The map class is implemented using a red-black tree, a binary tree that balances itself when items are added to or removed. When you iterate over a map, you get the sort order of the keys. So if you add C, A, B, or any other order, when you iterate, you will always get A, B, C. If that ordering is what you want, you've got it for free...almost. Searching for an item takes O(log(n)) time, so you pay a price for that ordering by keys.

The unordered_map class is implemented as a hash table. As the name implies, there is no ordering for iteration provided at all. Instead, you get sort of a random order, as the items added scatter across the buckets of the hash table. The benefit of unordered_map over map is that searching for items takes O(1).

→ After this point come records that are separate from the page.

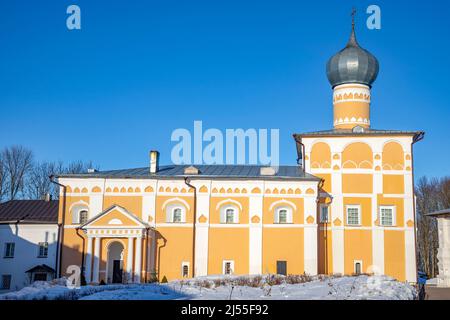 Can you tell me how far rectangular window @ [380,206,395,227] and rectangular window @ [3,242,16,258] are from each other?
19.3 metres

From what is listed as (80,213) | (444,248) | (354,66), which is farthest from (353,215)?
(80,213)

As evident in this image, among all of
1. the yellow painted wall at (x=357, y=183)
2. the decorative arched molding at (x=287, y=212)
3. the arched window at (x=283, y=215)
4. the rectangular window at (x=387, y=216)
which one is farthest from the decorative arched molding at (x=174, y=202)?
the rectangular window at (x=387, y=216)

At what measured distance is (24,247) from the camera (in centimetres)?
2984

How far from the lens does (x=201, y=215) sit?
27.8 meters

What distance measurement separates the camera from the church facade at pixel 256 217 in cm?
2686

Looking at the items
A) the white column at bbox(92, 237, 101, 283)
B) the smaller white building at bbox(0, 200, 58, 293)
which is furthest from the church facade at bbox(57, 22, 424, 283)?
the smaller white building at bbox(0, 200, 58, 293)

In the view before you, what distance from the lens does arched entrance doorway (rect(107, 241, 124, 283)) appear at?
26.8 meters

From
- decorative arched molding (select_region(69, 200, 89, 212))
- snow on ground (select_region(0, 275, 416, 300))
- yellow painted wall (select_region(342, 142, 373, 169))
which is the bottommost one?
snow on ground (select_region(0, 275, 416, 300))

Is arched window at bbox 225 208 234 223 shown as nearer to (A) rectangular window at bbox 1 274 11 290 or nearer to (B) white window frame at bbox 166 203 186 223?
(B) white window frame at bbox 166 203 186 223

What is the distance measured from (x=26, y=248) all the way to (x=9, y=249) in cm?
101

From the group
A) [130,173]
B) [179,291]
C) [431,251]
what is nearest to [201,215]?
[130,173]

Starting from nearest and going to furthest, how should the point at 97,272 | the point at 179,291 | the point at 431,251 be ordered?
the point at 179,291, the point at 97,272, the point at 431,251
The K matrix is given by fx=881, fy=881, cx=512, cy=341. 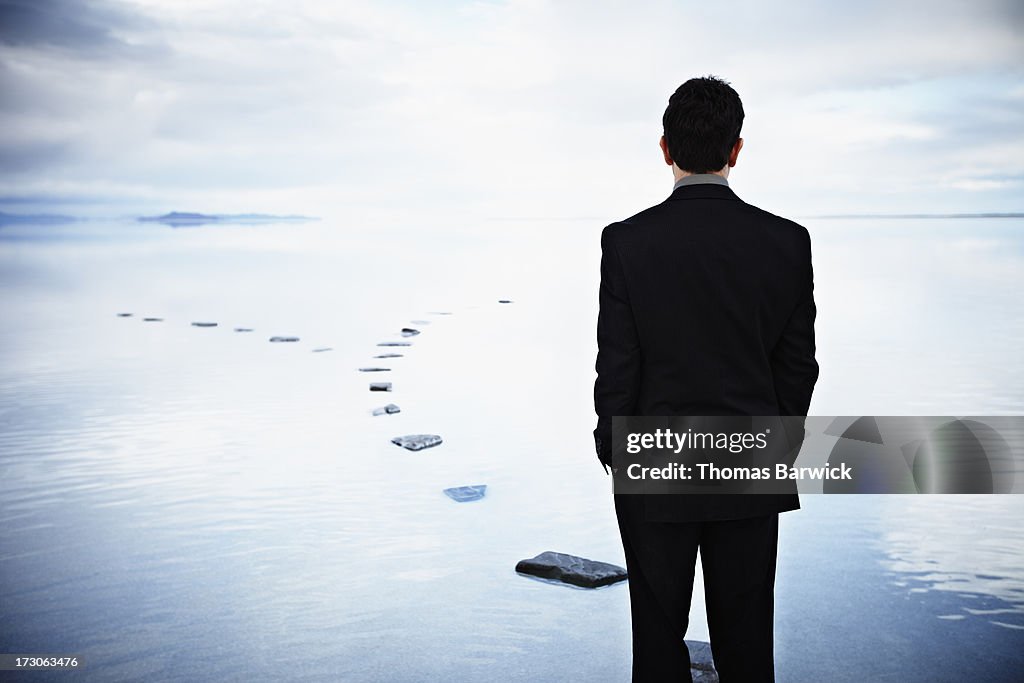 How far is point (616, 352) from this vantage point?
1711mm

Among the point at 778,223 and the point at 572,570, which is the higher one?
the point at 778,223

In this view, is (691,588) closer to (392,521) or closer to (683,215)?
(683,215)

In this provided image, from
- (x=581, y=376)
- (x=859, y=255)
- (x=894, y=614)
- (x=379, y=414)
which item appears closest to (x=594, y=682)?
(x=894, y=614)

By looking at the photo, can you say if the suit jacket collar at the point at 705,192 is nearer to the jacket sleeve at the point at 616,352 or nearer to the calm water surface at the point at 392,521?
the jacket sleeve at the point at 616,352

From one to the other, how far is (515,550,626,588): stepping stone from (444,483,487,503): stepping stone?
73 centimetres

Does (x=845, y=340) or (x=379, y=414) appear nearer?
(x=379, y=414)

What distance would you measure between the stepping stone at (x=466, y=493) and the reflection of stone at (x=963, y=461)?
1.93 metres

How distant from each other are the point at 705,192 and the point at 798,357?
0.38 m

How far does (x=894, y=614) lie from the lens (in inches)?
106

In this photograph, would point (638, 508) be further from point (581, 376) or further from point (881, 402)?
point (581, 376)

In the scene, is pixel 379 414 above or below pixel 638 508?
below

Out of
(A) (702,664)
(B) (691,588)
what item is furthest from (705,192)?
(A) (702,664)

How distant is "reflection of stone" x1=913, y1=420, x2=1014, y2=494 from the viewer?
3.88 m

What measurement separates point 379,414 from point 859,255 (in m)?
14.9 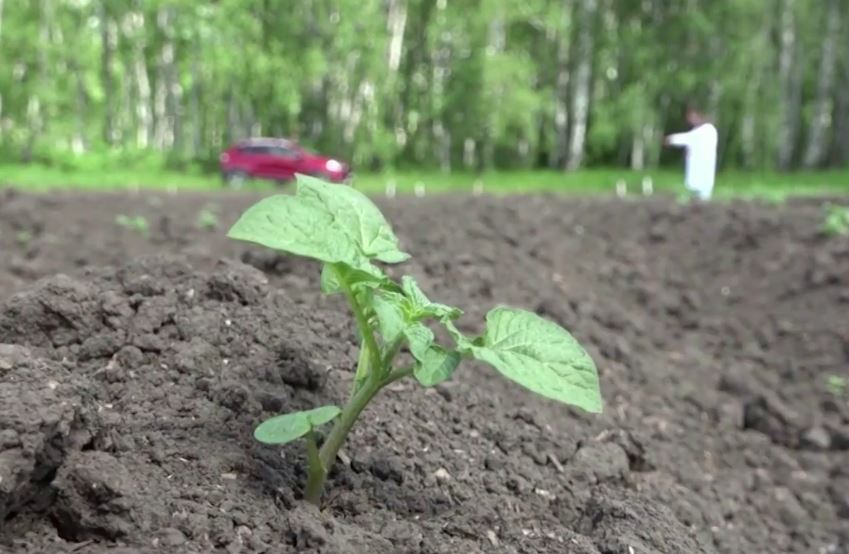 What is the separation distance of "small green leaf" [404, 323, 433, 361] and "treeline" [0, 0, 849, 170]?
2777 cm

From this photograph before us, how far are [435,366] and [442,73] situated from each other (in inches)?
1243

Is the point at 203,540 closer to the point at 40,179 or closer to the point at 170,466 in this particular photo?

So what's to be done if you want fast searches and order-added iteration? Read on!

Enter vectormap

C++
#pragma once

#include <stdexcept>
#include <unordered_map>
#include <vector>

namespace mscript
{
    /// <summary>
    /// A vectormap combines a map with its fast key->value lookups
    /// with a vector to preserve the order that key-value pairs were added
    /// </summary>
    /// <typeparam name="K">Key type of the map</typeparam>
    /// <typeparam name="V">Value type of the map</typeparam>
    template <typename K, typename V>
    class vectormap
    {
    public:
        /// <summary>
        /// Access the vector of pairs directly for index access or iteration
        /// </summary>
        const std::vector<std::pair<K, V>>& vec() const
        {
            return m_vec;
        }

        /// <summary>
        /// What is the value for a given key?
        /// NOTE: By returning the value by, well, value
        ///       this function can stay const
        ///       and users of the class can use pointers
        ///       if they want side effects down the line.
        /// </summary>
        V get(const K& key) const
        {
            const auto& it = m_map.find(key);
            if (it == m_map.end())
                throw std::runtime_error("key not found");
            return m_vec[it->second].second;
        }

        /// <summary>
        /// What is the value at a given index?
        /// NOTE: By returning the value by, well, value
        ///       this function can stay const
        ///       and users of the class can use pointers
        ///       if they want side effects down the line.
        /// </summary>
        V getAt(size_t index) const
        {
            if (index >= m_vec.size())
                throw std::runtime_error("index out of range");
            return m_vec[index].second;
        }

        /// <summary>
        /// How many key-value pairs are in this?
        /// </summary>
        size_t size() const
        {
            return m_vec.size();
        }

        /// <summary>
        /// Does this map contain this key?
        /// </summary>
        bool contains(const K& key) const
        {
            return m_map.find(key) != m_map.end();
        }

        /// <summary>
        /// Associate a value with a key
        /// </summary>
        void set(const K& key, const V& val)
        {
            auto it = m_map.find(key);
            if (it == m_map.end())
            {
                m_map.insert({ key, m_vec.size() });
                m_vec.push_back({ key, val });
            }
            else
                m_vec[it->second].second = val;
        }

        /// <summary>
        /// Get a value, checking if it exists first
        /// </summary>
        /// <param name="key">Key value to look up</param>
        /// <param name="val">Value to populate</param>
        /// <returns>true if a value exists for the key, false otherwise</returns>
        bool tryGet(const K& key, V& val) const
        {
            const auto& it = m_map.find(key);
            if (it == m_map.end())
                return false;

            val = m_vec[it->second].second;
            return true;
        }

        /// <summary>
        /// Get a list of the keys of this map
        /// </summary>
        std::vector<K> keys() const
        {
            std::vector<K> retVal;
            retVal.reserve(m_vec.size());
            for (size_t k = 0; k < m_vec.size(); ++k)
                retVal.push_back(m_vec[k].first);
            return retVal;
        }

        /// <summary>
        /// Get a list of the values of this map
        /// </summary>
        std::vector<V> values() const
        {
            std::vector<V> retVal;
            retVal.reserve(m_vec.size());
            for (size_t v = 0; v < m_vec.size(); ++v)
                retVal.push_back(m_vec[v].second);
            return retVal;
        }

    private:
        std::unordered_map<K, size_t> m_map;
        std::vector<std::pair<K, V>> m_vec;
    };
}

A pretty straightforward unordered_map + vector wrapper class. Just use the vec() function to walk the items in the order in which they were added, and use contains() and get/tryGet() for fast item lookups.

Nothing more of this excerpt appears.